Daniel Dalton/BuzzFeed/Penguin


I cannot say for sure when I first read Melissa Bank's The Girls’ Guide to Hunting and Fishing. I must have been in the very earliest of my twenties, because I know it was already dear to me by the time I graduated from university. It is, for me, a near-perfect book, one that I have pressed into the hands of several female friends and recommended on lists both solicited and not.


From its pages spill lightly scented wit and wisdom: How to be, how to see, how to cope. It is easily the most influential book of my third decade, and every time I reread it – or sections of it, at least – I am struck again by its neatness and completeness.
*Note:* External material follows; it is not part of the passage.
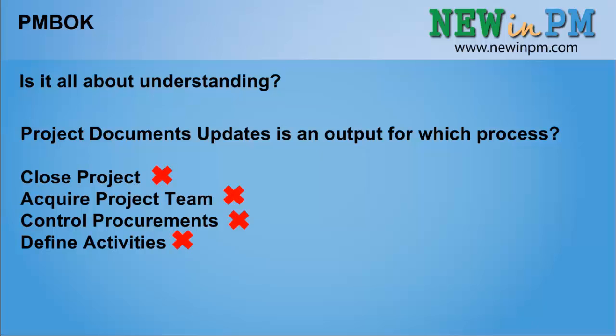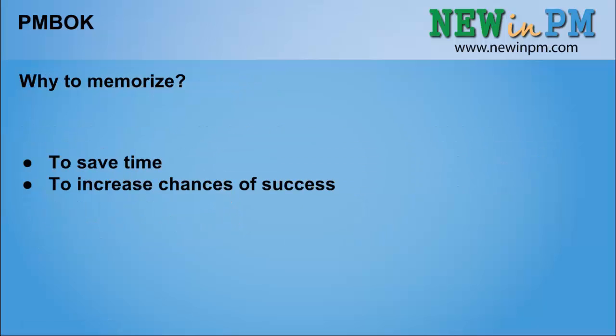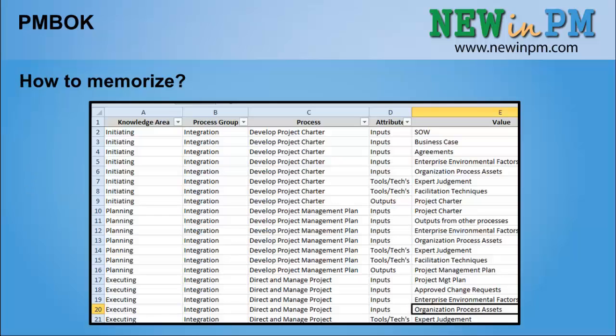This is what I wanted to show you — why memorize? First, to save time. Second, to increase the chances of success. If you don't agree and you want to just understand all the ITTOs, that's fine. You do need to understand them. But if you understand and memorize them, you will have extra help at the moment of the exam.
The idea of women writing for other women works of fiction that turn out to be manuals for life is nothing new. Although “women’s writing” is often seen as a literary ghetto (fiction is fiction, dammit), there is value in naming something for its most base characteristic. Buchi Emecheta did it, as did Virginia Woolf – and many more still will. The Girls’ Guide to Hunting and Fishing is a book by a woman, that centres on the interior life of a woman, and that, on my anecdotal evidence, has found an audience in the hearts of many women. That is not a coincidence.
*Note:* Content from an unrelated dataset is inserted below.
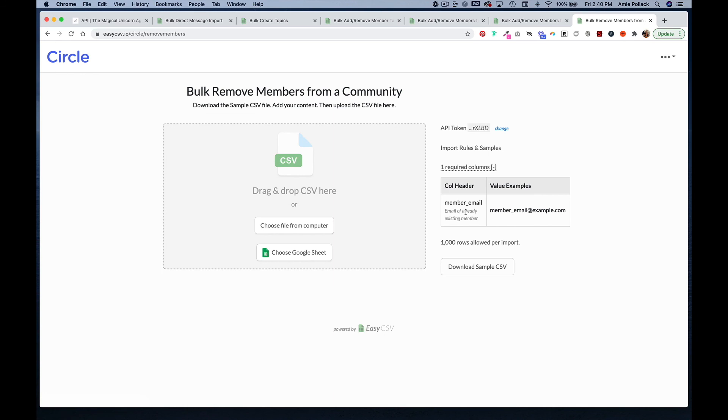So these are all the different bulk actions you can perform in Circle. If you have any questions, reach out, and all of these URLs will be provided for you in the tutorial text. Thanks for watching.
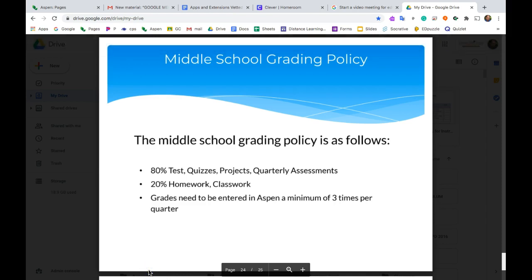Here's a quick video recording on how to set your categories in Aspen grade book. As you can see from the slide from yesterday's faculty meeting, the middle school grading policy is 80% for quizzes, tests, projects, and quarterly assessments — known as CA or classroom assessments — and 20% is homework or classwork, known as LA or learning activities.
Before and after Jane, the book's protagonist, there have been other women. I read Laura Dave’s London is the Best City in America, identifying closely, in the weird middle ground between finishing university and half-heartedly going into the world of work, with her protagonist, Emmy. And I read Lauren Weisberger’s The Devil Wears Prada and Emily Giffin’s Something… books as well. The heroes of these books (interestingly they’re all white, which tells its own tale about book publishing and the assumed “universality” of the white experience) were important to me, and contributed to the eventual confidence with which I forged ahead (well, meandered) in my life. But they were not Jane.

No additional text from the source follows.